FIN.

PRA sets out supervisory priorities for 2022

The PRA has sent Dear CEO letters to PRA-regulated international banks, insurance firms and UK deposit-takers setting out its supervisory priorities for 2022.

For banks, the PRA’s priorities relate to:

  • Financial resilience – the PRA will engage with firms to assess the challenges that broad structural changes, such as increased digitalisation, are bringing to the sustainability of business models.
  • Operational risk and resilience – the PRA will assess firms’ progress in developing effective operational risk and control frameworks and will continue to review the implementation of firms’ operational risk programmes. It also expects firms to manage the risks arising from the outsourcing of important business services, in particular to cloud providers.
  • Financial risks arising from climate change – from 2022, the PRA will incorporate supervision of climate-related financial risks into its core supervisory approach, paying particular attention to how firms quantify climate-related risks and incorporate those risks into business strategies, decision-making and risk-taking.
  • Diversity and inclusion – firms should consider the themes set out in the PRA’s July 2021 discussion paper on D&I and consider where they can make progress to address any gaps.
  • Risk-free rate transition – firms should continue transitioning LIBOR-referencing contracts where possible.

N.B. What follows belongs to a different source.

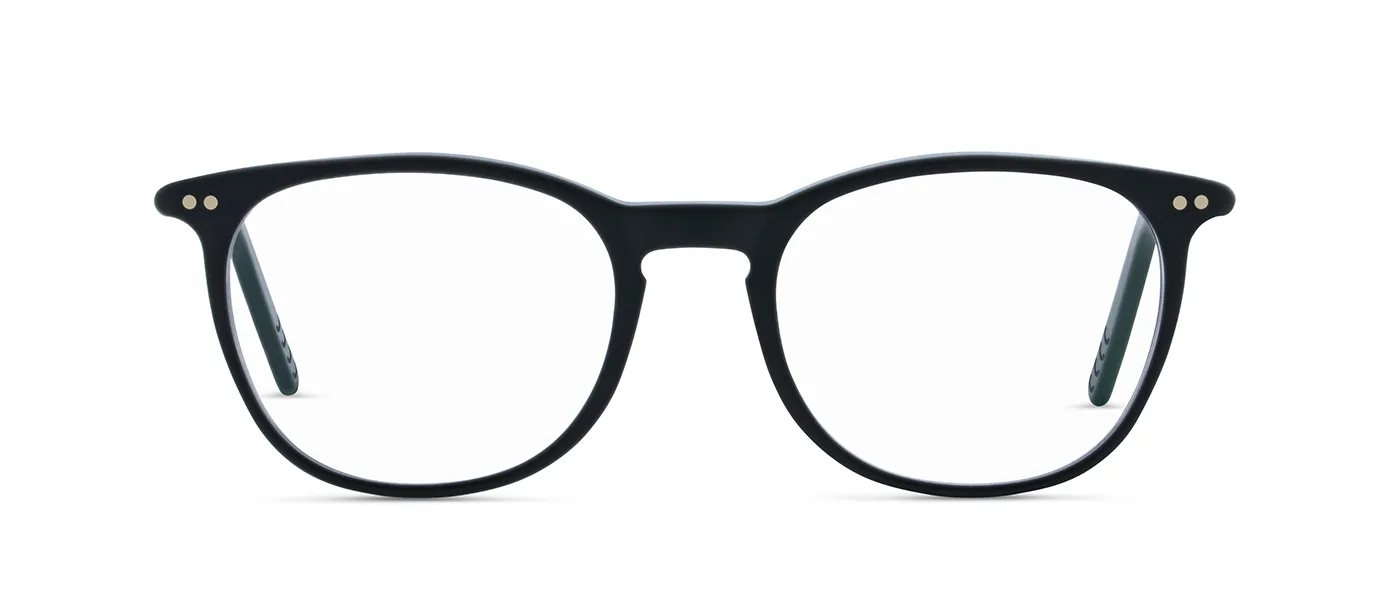 01m black matte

For insurers, the PRA is prioritising:

  • Financial resilience – the PRA expects retail general insurers to manage the impact on their business models of the FCA’s updated pricing rules in PS21/5.
  • Operational risk and resilience – the PRA has reminded firms that they must have complied with its new operational resilience requirements by 31 March 2022. It also expects firms to ensure that any outsourced services comply with its expectations set out in SS2/21.
  • Financial risks arising from climate change – the PRA expects firms to embed the expectations set out in SS3/19 and take a forward-looking approach in managing climate-related financial risks, including in both underwriting and investment.
  • Regulatory change – the PRA has confirmed it will consult on a package of measures relating to the government’s Solvency II review later in 2022.
  • Third-country branches seeking authorisation in the UK – the PRA expects applicant firms to co-operate with it in an open and transparent way.
  • Diversity and inclusion – firms should consider the themes set out in the PRA’s July 2021 discussion paper on D&I and consider where they can make progress to address any gaps.

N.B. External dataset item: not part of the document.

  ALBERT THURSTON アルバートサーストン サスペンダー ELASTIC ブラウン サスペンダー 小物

For UK deposit-takers, the PRA’s priorities are:

  • Financial resilience – the PRA will engage with firms to assess the challenges that broad structural changes, such as increased digitalisation, are bringing to the sustainability of business models.
  • Credit risk and model risk – the PRA expects firms to monitor closely credit risk within their portfolios and the impact on provisioning.
  • Operational risk and resilience – the PRA will assess firms’ progress in developing effective operational risk and control frameworks and will continue to review the implementation of firms’ operational risk programmes. It also expects firms to manage the risks arising from the outsourcing of important business services, in particular to cloud providers.
  • Financial risks arising from climate change – from 2022, the PRA will incorporate supervision of climate-related financial risks into its core supervisory approach, paying particular attention to how firms quantify climate-related risks and incorporate those risks into business strategies, decision-making and risk-taking.
  • Regulatory reporting and data quality – firms should consider any work they may need to do to improve their governance, controls and data related to regulatory reporting.
  • Diversity and inclusion – firms should consider the themes set out in the PRA’s July 2021 discussion paper on D&I and consider where they can make progress to address any gaps.